PUTRAJAYA: The counting of cash in various currencies seized from the Pavilion Residences last week – believed to be worth over RM10mil – is still ongoing.
While it is impossible to ascertain how much more cash has yet to be counted, sources said Bukit Aman Commercial Crime Investigation Department officers were still counting the seized items with assistance from other agencies, including Bank Negara.
“It involves many different currencies so the process is very tedious.
“Police personnel must also record each banknote seized,” said a source.
On Monday, officers at the CCID office in Menara 238 along Jalan Tun Razak had begun counting the cash early in the morning.
Inspector-General of Police Tan Sri Mohamad Fuzi Harun confirmed that the counting process had not been completed.
Asked if more people were expected to be called up over the investigation, he said the police would do so should there be a need.
“The police must be given time to thoroughly investigate the matter,” he said.
On reports that Datuk Seri Najib Tun Razak had lodged a police complaint saying that he feared threats against his life and those of his family, he said police had placed enough personnel for his security.
“We have and will always ensure the safety of all, including the former prime minister.

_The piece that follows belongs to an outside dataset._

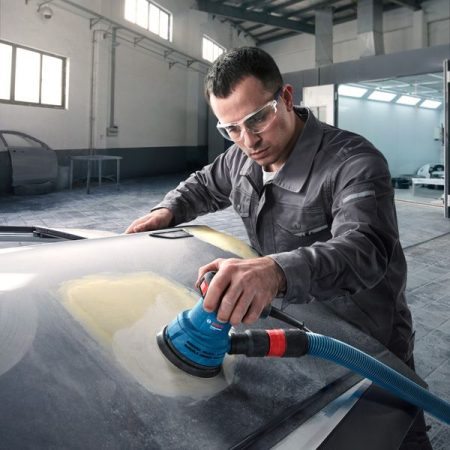 Bosch GEX 125 Professional Random Orbit Sander 280W - Image 3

“If there is a need to increase security, then we will look into it,” he said.
On Friday, police had seized 284 boxes filled with designer handbags, watches, jewellery and cash in various currencies from three luxury condominiums here, the value of which was impossible to estimate due to its sheer volume.
The raids were part of police investigations into 1MDB.
This followed a check on six locations linked to Najib, including the Prime Minister’s Office, his official residence as well as other premises.
In a police report, Najib had claimed that the cash seized from the Pavilion Residences were donations from his friends and meant for Barisan Nasional’s election campaign.
Lawyer Andrew Khoo said Najib would now have to prove his claims by stating the source and the amount of the money he received as donations.
Even then, he would still need to prove that these donations were not a corrupt practice and that they were not received for ulterior or improper motives, said Khoo.
He said the problem now was that Malaysia’s system of political donations was unregulated and the source of money unknown.
“They can show that it has not come from unlawful activities. So, if the donation can be linked back to proceeds of criminal activity, then it is ‘dirty money’,” he said.